Initially on Atlantic Records, The Beat Club was offered the opportunity to become the first recording act to be signed to New Order manager and Manchester’s Factory Record mogul, the late Rob Gretton’s own personal label robsrecords. The Beat Club went on to release several recordings in the UK resulting in the singles “Security” which reached no. 92 in the UK Singles Chart (recorded by, and featuring New Order’s Bernard Sumner), “Dreams Were Made to Be Broken” and “X”.

Upon the expiration of the contract with Atlantic Records, Rodriguez (along with his wife, Mirey Valls) went on to start Electrobeat Records in Miami, Florida.

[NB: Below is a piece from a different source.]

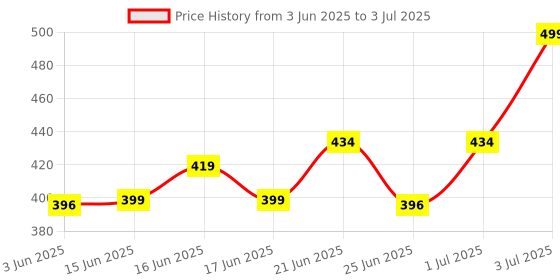 myntra.com Geofit Set Of 2 Chyawanprash For Immunity - 500 g Each geofit Price History Graph from 3 Jun 2025 to 3 Jul 2025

Throughout the 1990s and 2000s, Electrobeat has released over a dozen albums produced by the Beat Club under various pseudonyms including Ony, Fuzzy Logic, Toys for the Revolution, Santa Fe and Urban Select.

Recent activity 
In late 2006, the Beat Club released the album Robotica which included the club singles “Dream Within a Dream” and “Lost in Space”. The first quarter of 2008 saw the release of the new album Minimalista, along with a possible promotional tour in 2009. In 2010, first album Paris was reissued on CD by LTM with new artwork and bonus tracks.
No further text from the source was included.